IFA President John Bryan has intensified the Association’s campaign to secure 50:50 co-financing from the National Exchequer for the next Rural Development Programme, which he said is a very important part of CAP Reform. The Rural Development Programme provides vital income support for thousands of farmers in vulnerable regions and sectors and the provision of environmental goods and services by farmers.
Under the proposed EU Budget for 2014-2020, Ireland will receive an EU funding allocation for Rural Development of approximately €313m each year for seven years. The Government must now come forward to match this funding, with additional top-ups. This is necessary to draw down EU funding in full, and ensure we have a Programme in place to support farmers and the rural economy.
John Bryan said he had met the Taoiseach Enda Kenny on the matter this week. He urged him to make it a priority for the Government and make an immediate announcement on the national support that will be provided for the Rural Development programme.

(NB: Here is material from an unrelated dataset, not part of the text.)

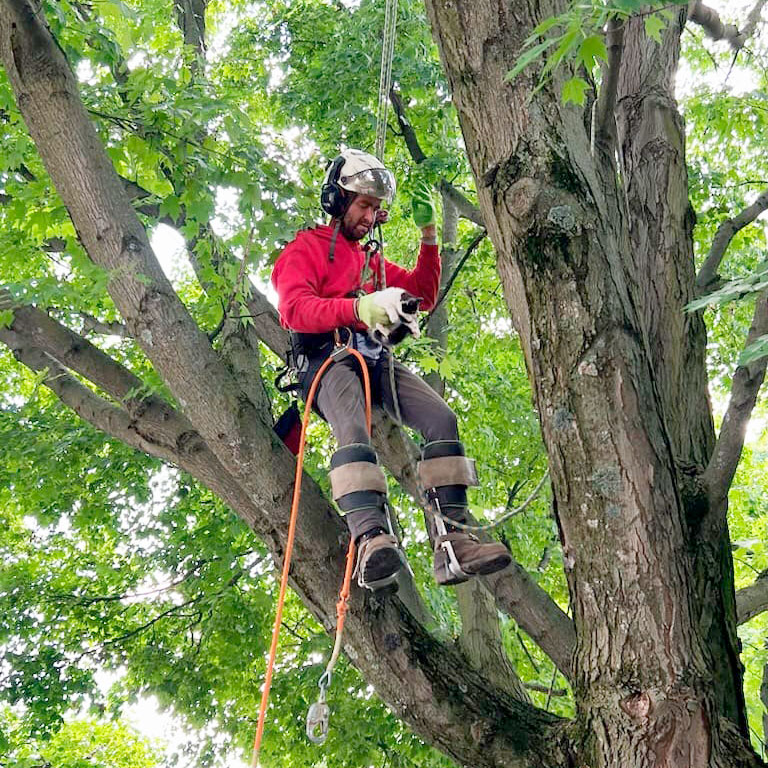 hollinger tree service & landscaping emergency services.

The IFA President said, “This commitment would send a positive signal to the farming community, particularly those who have been most affected by cuts in funding to farm schemes over the past six difficult national budgets. It would also allow a more informed debate to take place in relation to both Pillar I and Pillar II. This is critically important to ensure that the current debate is balanced and takes account of all aspects of the CAP.”
John Bryan said Rural Development operates as a complementary structure to the Single Farm Payment, and plays a hugely important role in the farm enterprises in certain sectors and regions. For example, under the REPS programme, 80% of participants came from the livestock and sheep sectors.
He said, “The REPS programme involved significant support for environmental works on farms which generated huge economic spin-off in the rural economy, and in particular in the West of Ireland. The Disadvantaged Areas scheme acts as a vital income support for farms operating in marginal land area, maintaining farm activity and output and contributing to rural areas which otherwise would be under serious threat”.
Commitments on funding would ensure a properly supported Disadvantaged Areas scheme would be retained, along with agri-environment programmes, including an upland scheme and funding for farmers who are restricted in Natura and SAC areas. For young farmers, installation aid could be reintroduced, providing an important funding support as they commence their careers.
Other innovative measures such as discussion and producer groups and measures for on-farm investment could be supported, leading to an improvement in the overall productivity and efficiency of farm enterprises. These on-farm investments would contribute to the targets for expansion set out under Food Harvest 2020.